Вот, например, Эрек, герой первого романа Кретьена де Труа, приезжает в незнакомый ему город (Лалют), т. е. попадает в типично бытовое пространство. Но на Эрека никто не обращает внимания; дело здесь не только в том, что его никто не знает, но и в том, что он оказывается носителем иного пространства — не бытового, а авантюрного, связанного с поисками рыцарского приключения. Далее происходит знакомство Эрека с бедным дворянином. Герой попадает в бытовое пространство его убогого дома, знакомится с дочерью дворянина Энидой и влюбляется в нее.
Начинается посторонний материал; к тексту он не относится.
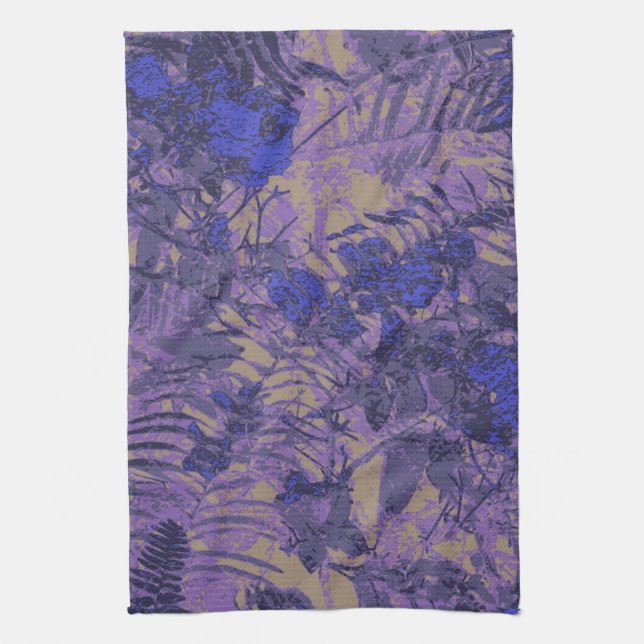 Camouflage against blue flower kitchen towel (Vertical)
Здесь он как бы на некоторое время оставляет свой поиск, принимает иное пространство; у него привал, отдых, передышка. Поэтому теперь он замечен окружающими. В турнире, организованном у городских стен на следующее утро, как бы совмещаются два типа пространства — бытовое (для зрителей на турнире) и авантюрное (для Эрека, мстящего Идеру за оскорбление королевы Геньевры и стремящегося прославить свою даму).
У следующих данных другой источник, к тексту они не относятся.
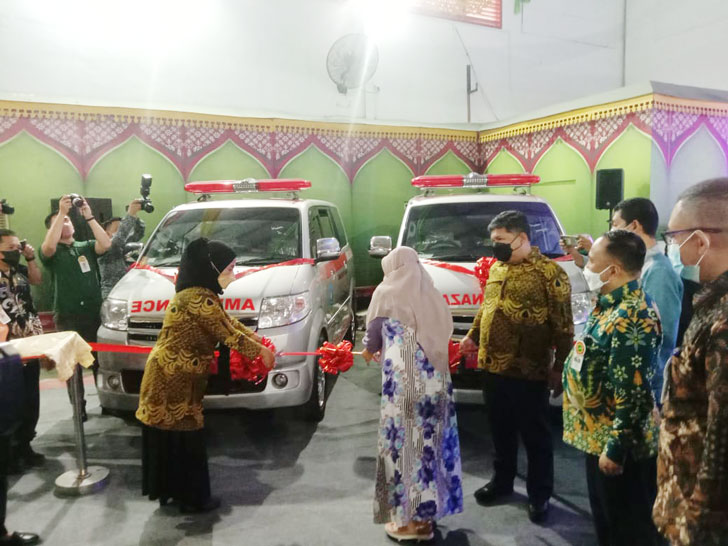 Salurkan CSR, Bank Riau Kepri Serahkan Bantuan Ambulan, Mobil Jenazah dan Lainnya Salurkan CSR, Bank Riau Kepri Serahkan Bantuan Ambulan, Mobil Jenazah dan Lainnya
Но рыцарский поединок может быть совмещением не только бытового и авантюрного, но еще и волшебного пространства — когда герой сражается с носителем зачарованности, как, например, Ивейн, побеждающий в отчаянной схватке (в которой ему помогает его лев) двух сатанаилов и снимающий этим заклятие с замка Опасного Приключения (ст. 5442—5687).
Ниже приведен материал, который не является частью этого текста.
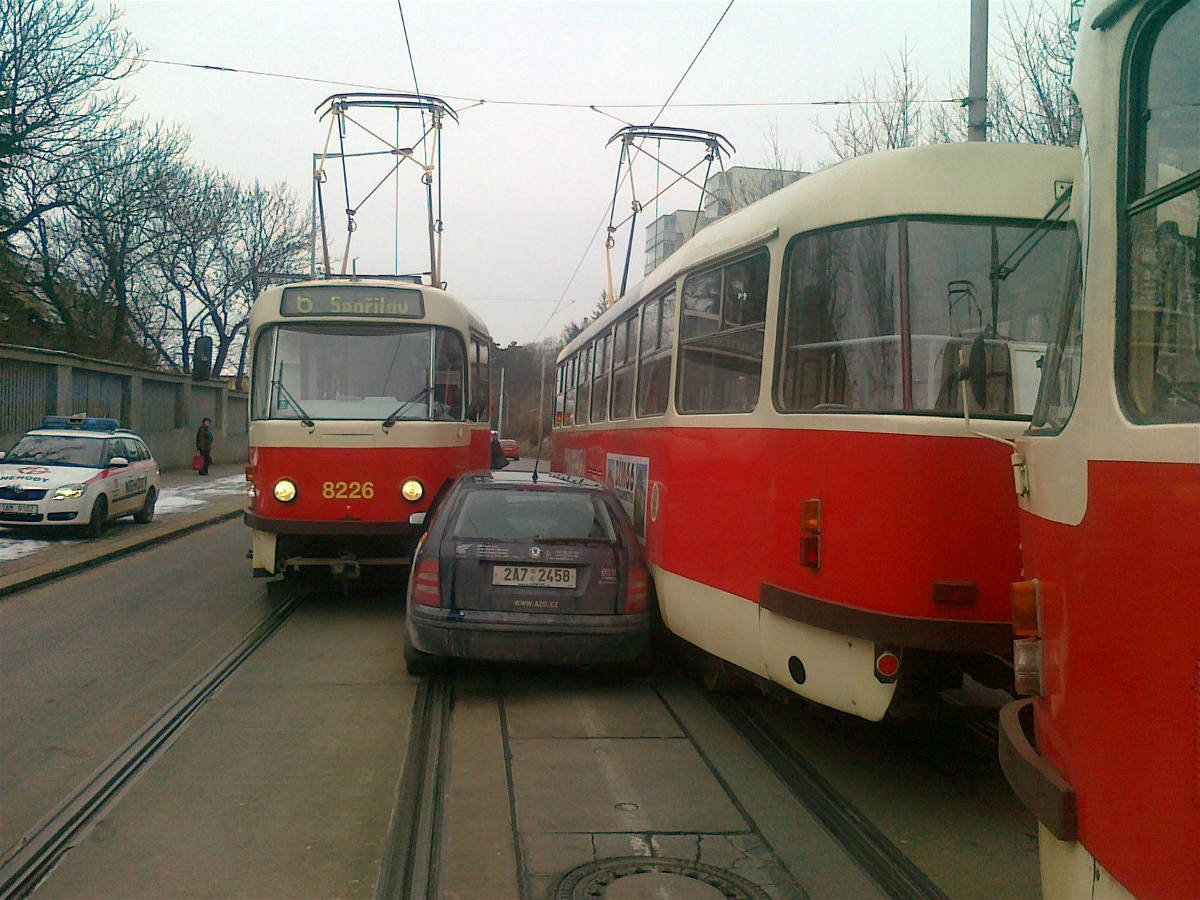 Obrázek predjizdet tramvaj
Мы уже говорили, что у Кретьена время может останавливаться, идти вспять, неудержимо нестись вперед. Происходят эти темпоральные аномалии, как помним, в фиксированных местах, где действуют волшебные силы. Каковы же свойства «фантастического» пространства в бретонском романе? Нельзя сказать, что в данном случае Кретьен проявил чрезмерную выдумку и находчивость. Он во многом шел за сказочным фольклором. Во-первых, фантастическое пространство, как правило, четко отграничено от обычного, поэтому проникнуть в него нельзя невзначай, не заметив этого. Пространство это обычно локализовано в городе, замке, чудесном саду, огороженном особой волшебной стеной (что лучше стены могло по представлениям средневекового человека ограничить какой-либо «локус»?). Затем фантастическое пространство обладает способностью внезапно появляться и также неожиданно исчезать. Оно может быть то близким к какому-нибудь реальному (с точки зрения реальности художественного пространства) пункту, то от него стремительно удаляться. Фантастическое пространство сулит герою всяческие опасности, потому что оно непредсказуемо. Здесь герой проходит через тяжкие испытания, но испытания эти особого рода. То это «опасное» ложе, то волшебная дверь, внезапно захлопывающаяся и даже рассекающая своими створками рыцарского коня. Но волшебное пространство не обязательно угрожающе и враждебно герою. Оно может быть и благоуханным садом блаженства. Проникновение в фантастическое пространство всегда в романе отмечено: бурей, ливнем, грозой, вообще какими-либо пароксизмами в бытии природы. Главное в характеристике такого пространства — это то, что оно живет по своим специфическим законам.